We might dream of going away on a long trip by car, only to find that a tire blew when we were driving too fast. We may never remember the dream. One way or another, however, we will hit upon some kind of situation — a portion of a TV drama, perhaps — in which a tire is blown. Or we will see an item of that nature in the internet, or we will hear a story, told directly or indirectly about the same kind of dilemma. The magnitude of the physical stimuli with which we are surrounded makes it possible, of course, for any given day. Even then, we might not recall the dream, but the situation itself as it comes to our attention might make us check our tires, decide to put off our trip, or instead lead us to inner speculation about whether we are going too fast in a certain direction for our own good at this time. But we will get the dream’s message.

Psychological objects

Objects just originate in man’s and woman’s imagination, there’s always a strong connection between objects and man’s and woman’s dreams. They act as symbols of inner reality, so it’s only natural that whether he/she is aware of it or not, man/woman perceives objects in such a fashion that they also stand for symbols that first originate in his/her dreams.

n8

This also has to do with large events, that we might for convenience’s sake think of for now as psychological objects — that is, events seen and recognized by large numbers of people in the same way that objects are.

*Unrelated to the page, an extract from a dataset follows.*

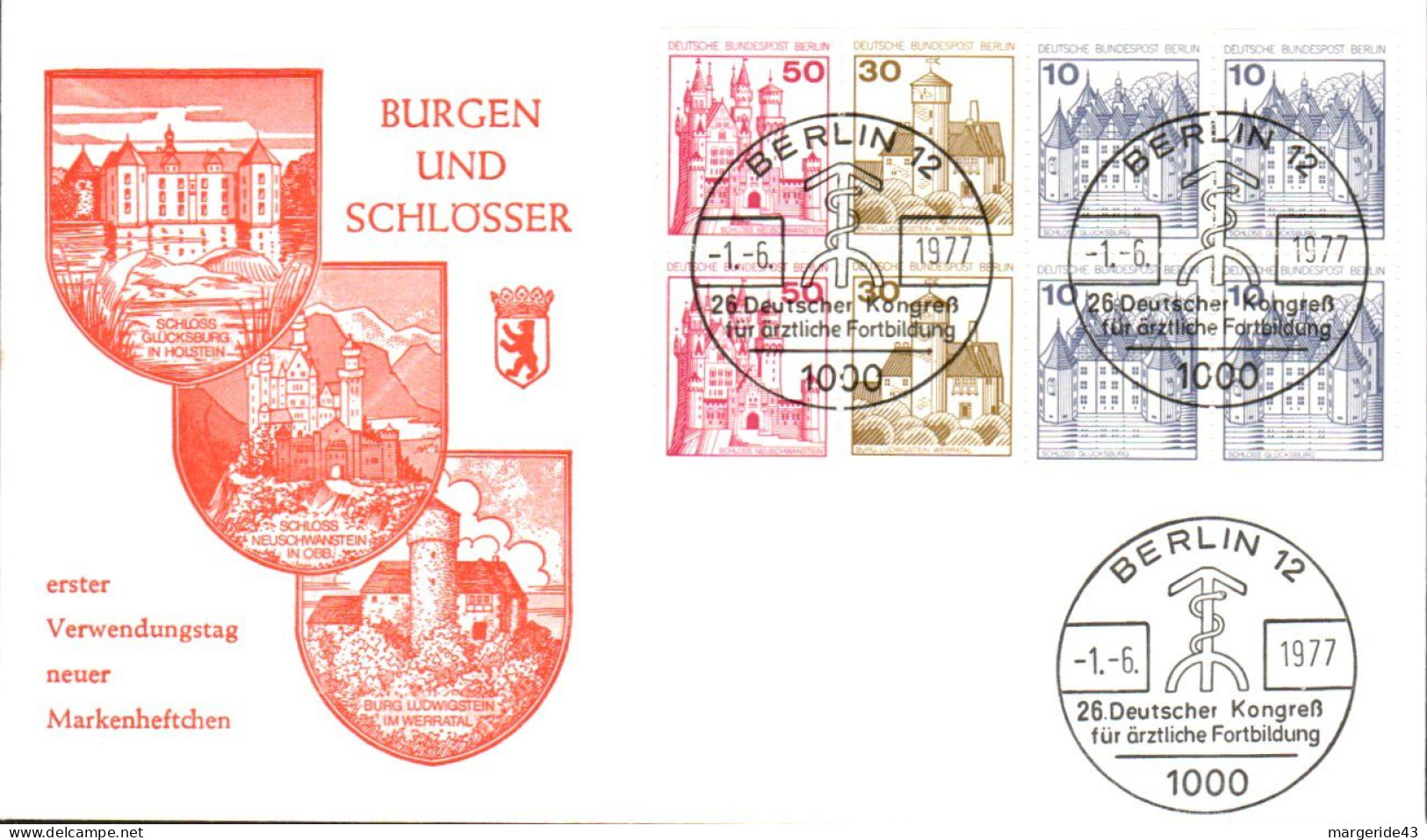 BERLIN FDC 1977 CARNET CHATEAUX - 1971-1980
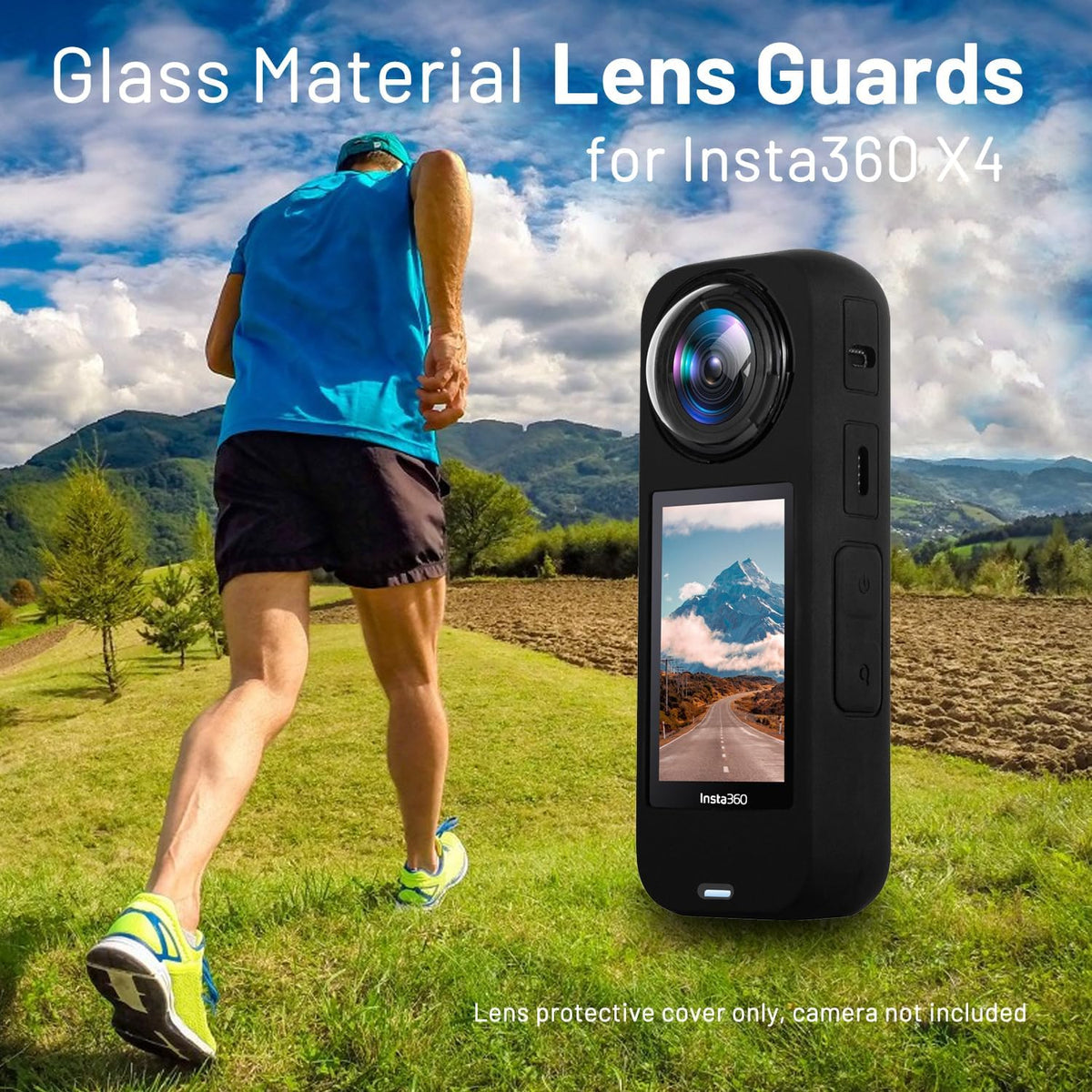 Dual Lens Guards for Insta360 X4 Action Camera, Protective Case for ONE X4 360 Waterproof Camera Accessory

The Christ drama is a case in point, where private and mass dreams were then projected outward into the historical context of time, and then reacted to in such a way that various people became exterior participants — but in a far larger mass dream that was then interpreted in the most literal of physical terms. Even while it was, it also got the message across, though the inner drama itself was not recalled; and as the dream merged with historical events, and it was interpreted by so many, its message also became distorted — or rather, it mixed and merged with other such dreams, whose messages were far different.

n2

Look at our nuclear-reactor troubles at the plant by Fukushima (Japan). The entire idea of nuclear power was first a dream — an act of the imagination of the part of private individuals — and then through fiction and the arts, a dream on the part of many people. Instantly, probabilities spun out from that dream in all directions, vast potential and dangers.

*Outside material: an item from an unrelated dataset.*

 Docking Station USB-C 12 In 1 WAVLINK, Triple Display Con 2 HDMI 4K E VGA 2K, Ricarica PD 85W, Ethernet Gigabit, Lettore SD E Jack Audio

It was hardly a coincidence that this particular situation arrived in the social climate first of all portrayed in a movie.

n1

Nuclear power stands for power, plain and simple. Is it good or bad? It stands in man’s and woman’s dreams as belonging to God: the power of the universe. Man and woman has always considered oneself, in our terms as set apart from nature, so he/she must feel set apart from nature’s power — and there must be a great division in his/her dreams between the two. Nuclear energy in fact, then, comes as a dream symbol, and emerges into the world as something to be dealt with.

Fundamentalists think of nuclear power as a force that God might use, say, to destroy the world. That event in Japan means one thing to them. Some of the scientists equate nuclear power with man’s and woman’s great curiosity, and feel that they wrest this great energy from nature, smarter than their fellow men — so they read those events in their own way. The probabilities are still surging, of course, and in private and mass dreams people try out all kinds of endings for that particular story.

n15

All in all, millions of people are involved, who will be affected of course to one extent or another.

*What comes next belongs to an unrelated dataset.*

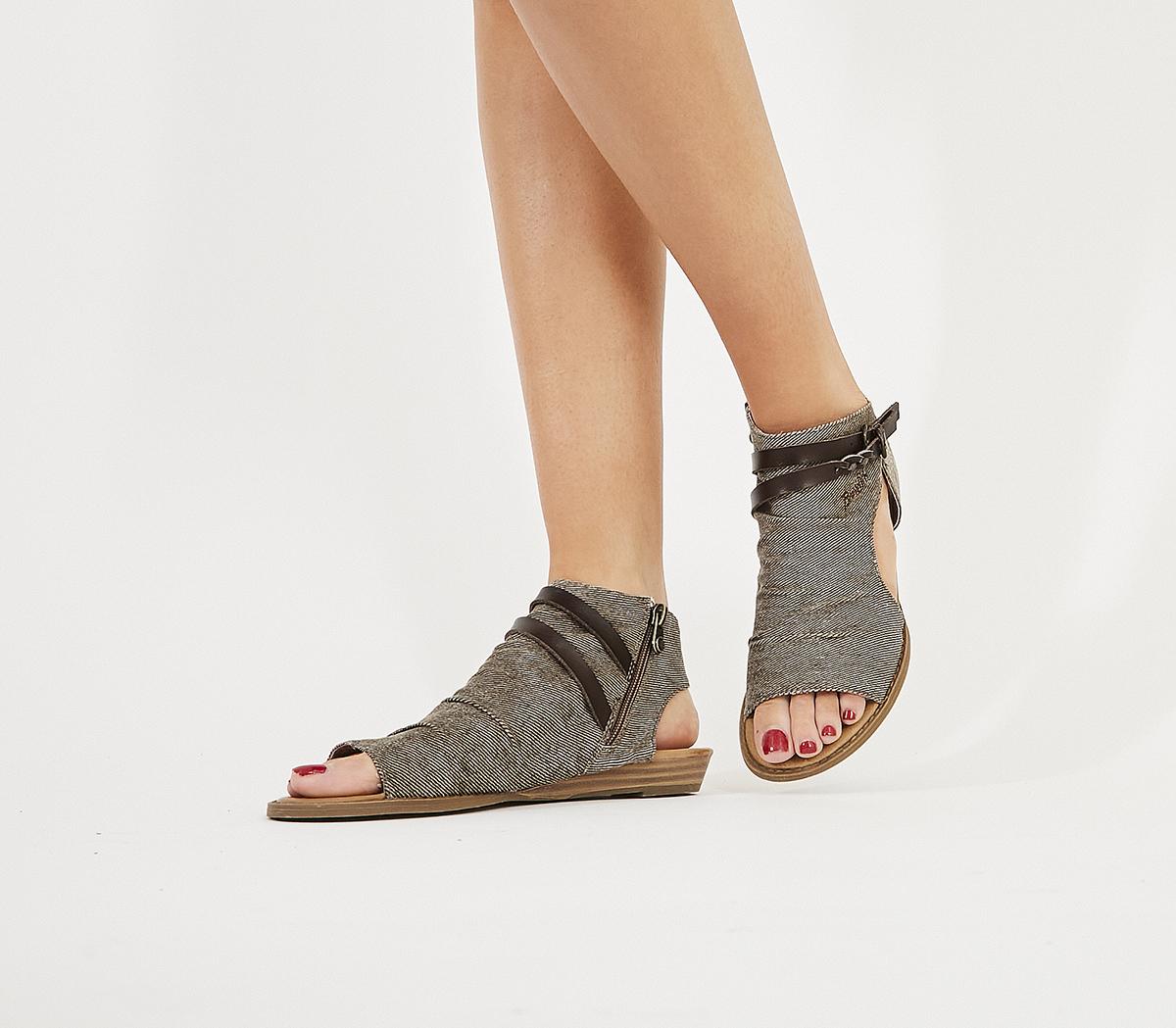 Blowfish Malibu Blumoon Sandal Mud Smokey Twill Tobacco Dyecut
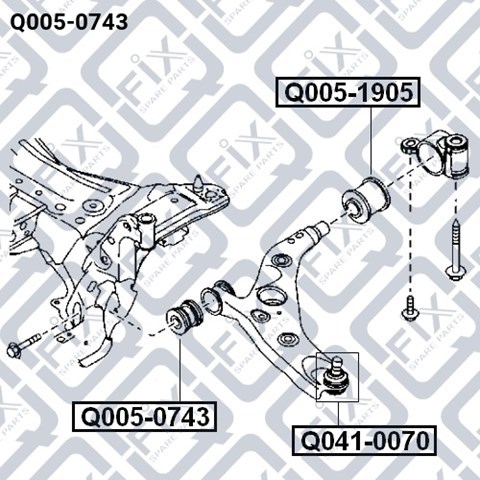 Silentblock przedniego wahacza dolnego Q0050743 Q-fix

There is a tie-in, and it’s that the Christ drama happened as a result of man’s and woman’s dream, at least, of achieving brotherhood — a quiet, secure sense of consciousness, and a morality that would sustain him/her in the physical world.

n55

The Christ drama did splash over into historical reality. Man’s and woman’s fears of not achieving brotherhood, or not achieving a secure state of consciousness, or a workable morality, result in his/her dreams of destruction, however they are expressed. And indeed, the present physical event as it exists now at the energy plant Fukushima can easily be likened to — and is — a warning dream to change man’s and woman’s actions.